CEH Justice FundThe 2017 grant cycle has closed. Please check back spring 2018
Notice: the Office of the Attorney General of California has issued regulations that will reduce the number and amount of Justice Fund grants that CEH can make to community based environmental justice organizations. The Justice Fund will continue unchanged in 2018 and 2019, but may not be available beyond that. For more information, see below.
BACKGROUND: The Center for Environmental Health (CEH) is an Oakland-based nonprofit organization that helps protect the public from toxic chemicals.
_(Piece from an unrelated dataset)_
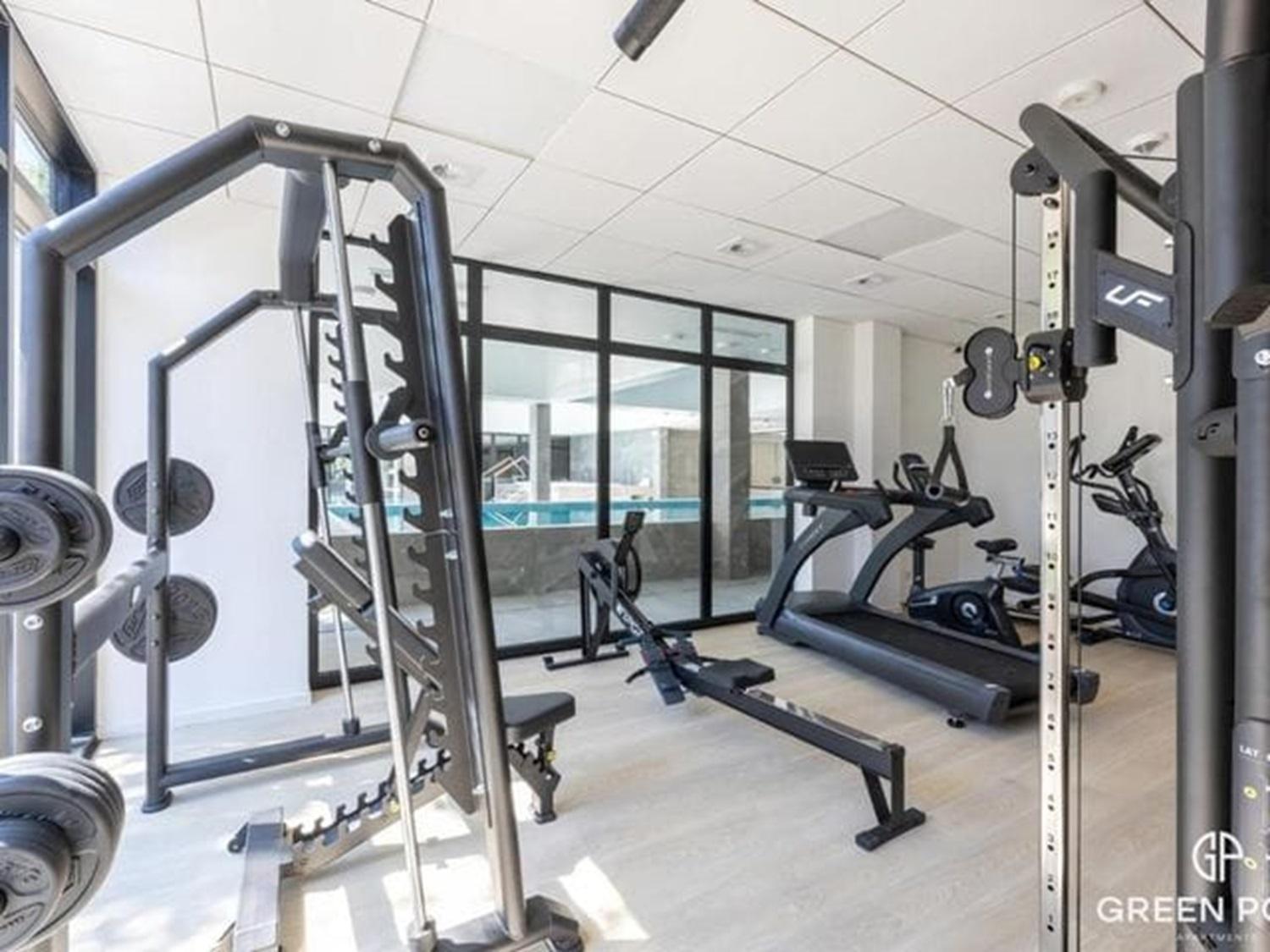 Port Basen & Jacuzzi Apartment Kolberg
As an important part of our work, we file public interest lawsuits against corporate polluters who endanger the health of children, families, and communities in California. Our cases have:
- stopped a central dry cleaning repository from exposing workers and residents of a low- income neighborhood to cancer-causing chemicals;
- forced companies to remove lead from candy, baby powder, and jewelry; and
- led to industry changes that are protecting public health throughout California and beyond.
For other success stories and more information, please click here.
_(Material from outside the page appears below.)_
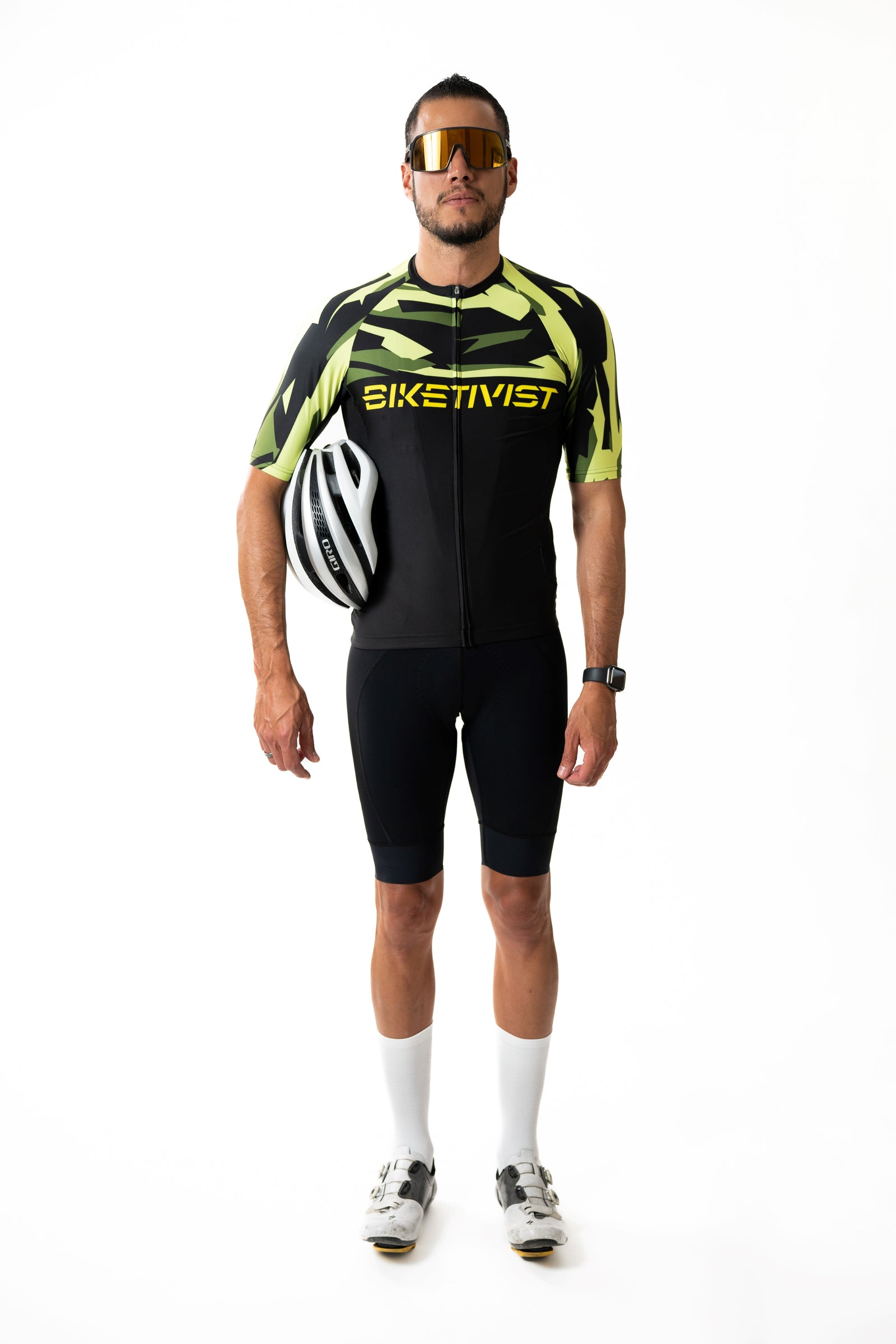 Destroyer Jersey Camo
Our victories in these lawsuits sometimes force polluters to pay settlements to our organization. We set aside part of these settlement funds to provide small grants to grassroots community-based organizations that serve and are led by low-income people, people of color, Indigenous peoples, and residents of disproportionately affected communities in California.
The Center for Environmental Health makes these donations through an annual grant cycle titled “Community Environmental Action and Justice Fund” (referred to as the Justice Fund). The amount of money available for Justice Fund grants varies from year to year, depending on the success of our lawsuits and the amount of the settlement awards.
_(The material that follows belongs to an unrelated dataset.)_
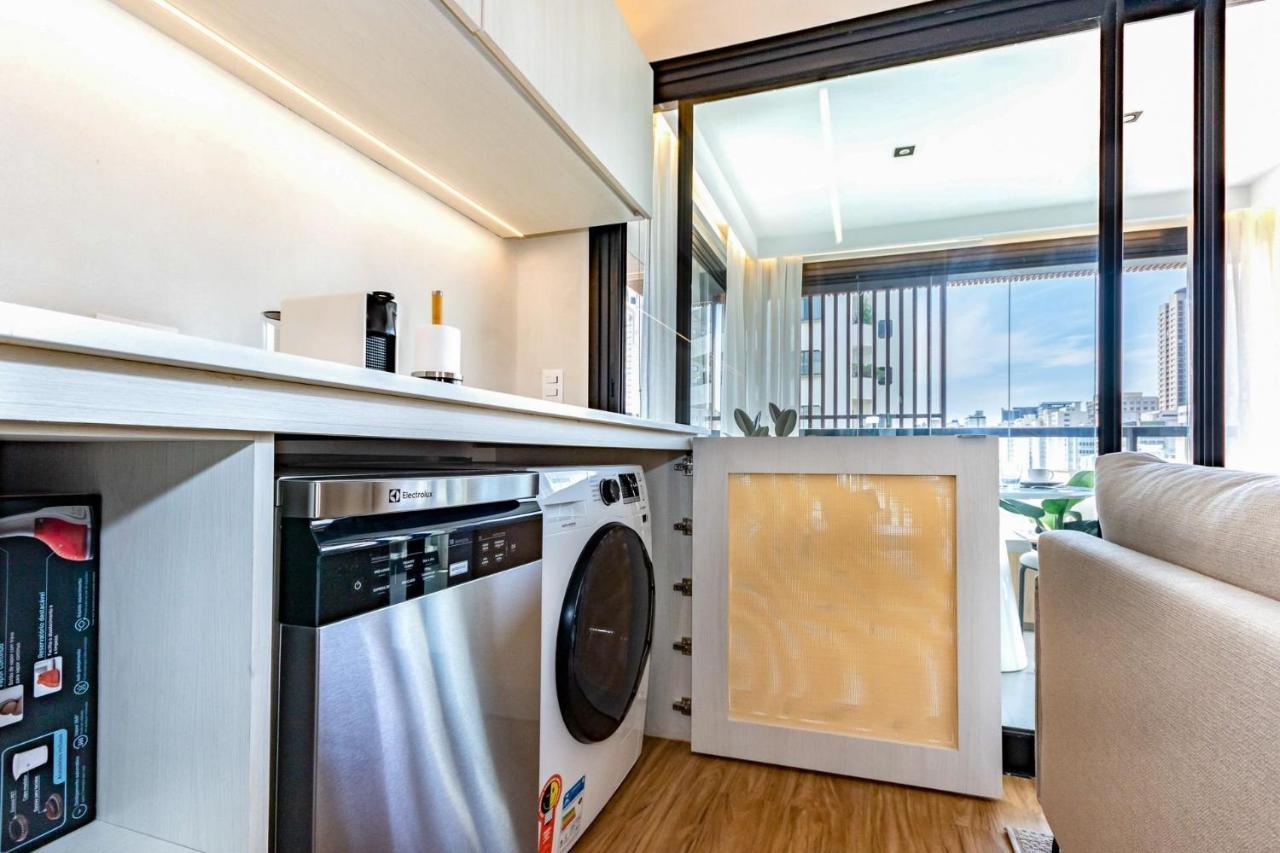 Apartamento 91 Arte Itaim By Oba São Paulo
The majority of Justice Fund grants will range in size from $250 – $5,000. In 2016, we received applications from 27 organizations and made 21 grants totaling $80,000. To date since 2002, we have made over 115 grants totaling about $610,000 to fund critical environmental justice work across California.
A CHANGE TO CEH’S JUSTICE FUND: Many of these cases happen under California’s Safe Drinking Water and Toxic Enforcement Act (also known as Proposition 65). Until 2016, CEH shared settlements from all of our Prop 65 cases with environmental justice advocates in California.
But on October 1, 2016, the Office of the Attorney General of the State of California issued new regulations that restrict the funds from these cases to uses that “address the same public harm as that allegedly caused by the defendant(s) in the [original Prop 65] case.” Because many of our cases focus on toxics in consumer products rather than on air and water pollution, the Attorney General’s decision will greatly reduce the funds that we can share with environmental justice communities. (In our cases on air and water pollution, we continue to share settlement funds directly with the affected communities.)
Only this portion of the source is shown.